Inside Jvari monastery

     Mtskheta was the capital of Georgia for 1000 years, from 500 BC to 500 AD. We drove down to the valley, also a confluence of two rivers (one being the Mt’k’vari, which flows into Tbilisi then on to the Caspian Sea), and parked near the central Svetitskhoveli cathedral.  To get there we had to pass a long street of openly tourist stalls, selling sweets, postcards, Georgian brandy and the national spirit, chacha, Cossack wigs, and all that paraphernalia. A few stalls sold what looked like long pea pods, but in all colours.  I asked one lady what they were, and she said ‘Georgian Snickers!’ quite delightedly.  Which is what they’re known as here, or certainly sold as.  In fact they’re small grapes, encased in a sugary syrup and dried till they’re a sort of extended lollipop.  I never did try one. Helen had her own scarf with her by now so as we entered the cathedral, she looked quite the part, with it draped above her head like a Bedouin tribeswoman.

The old capital. One of these is the Mt’k’varo river, which flows east to Tbilisi.

     The impressive cathedral, like the monastery on the hill a UNESCO site, is one of the most famous buildings in the country, built in the 11th Century.  It’s full of artefacts, tombs, frescoes, bright icons on the walls, and is quite large. There’s a picture of St. Nino on one wall by the door. A lot of the gleaming icons are in fact modern, the originals being kept for safety in museums. This building has survived a lot, attacks from all sorts of invaders over the centuries, and at least one earthquake. Tragically, many of the frescoes here were whitewashed by the Russians in the 1830s, as they prepared for the visit of Czar Nicolas I. He never turned up.

Jvari monastery from Mtskheta cathedral

     I think it was on the next drive, and hour or more west, that Lasha told us of the Russian occupation of parts of Georgia.  He wasn’t talking about the country being a Soviet Republic for 70 years till the wall came down in 1989, no, this is happening now. Two swathes of land, one the north-west corner of the country, the other a large loop stretching as far into the centre as to be a mere 20 miles north of the road we driving on. We had no idea, and Georgians resent the fact that it is so under-publicised, the west hardly knows a thing about it. Russia, right now (and that’s one of the things I found hard to take in) has marched into this country and simply taken over areas, sometimes stealthily at night, moving their barbed fences forward while the locals sleep. We saw a man interviewed on the TV while we were here. He spoke from inside the Russian fence.  A few days ago he’d been asleep at home. When he woke up, he was separated from his own farm buildings and stock by a fence. This is just unbelievable, and during the week we certainly got to appreciate exactly what’s going on, and the feelings of the Georgian people about this. One of the waiters at Shatre yesterday was wearing a white T-Shirt with the proud slogan ‘20% of my country is occupied’. Russia did not come out of this holiday well.

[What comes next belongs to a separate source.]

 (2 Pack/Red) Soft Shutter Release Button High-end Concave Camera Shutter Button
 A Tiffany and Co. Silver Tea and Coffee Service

     Joseph Stalin. So what do we know? What are we taught in England? He was a dictator of the worst kind, a thoroughly evil man who dominated his people for almost 30 years, had over 700,000 of them killed and over a million imprisoned; a monster. He was also Georgian, born in the place we were to visit next, the central Georgian town of Gori. And our specific reason for visiting was to go to the Joseph Stalin Museum. Whoa. There’s a museum for this guy? This was what Helen and I could not understand. Yet we knew we’d have to tread carefully if we were to ask any questions. The museum is there, has been for a long time, so somehow, there’s enough pride in Georgia of Stalin for this to happen. Also hard for us to take in.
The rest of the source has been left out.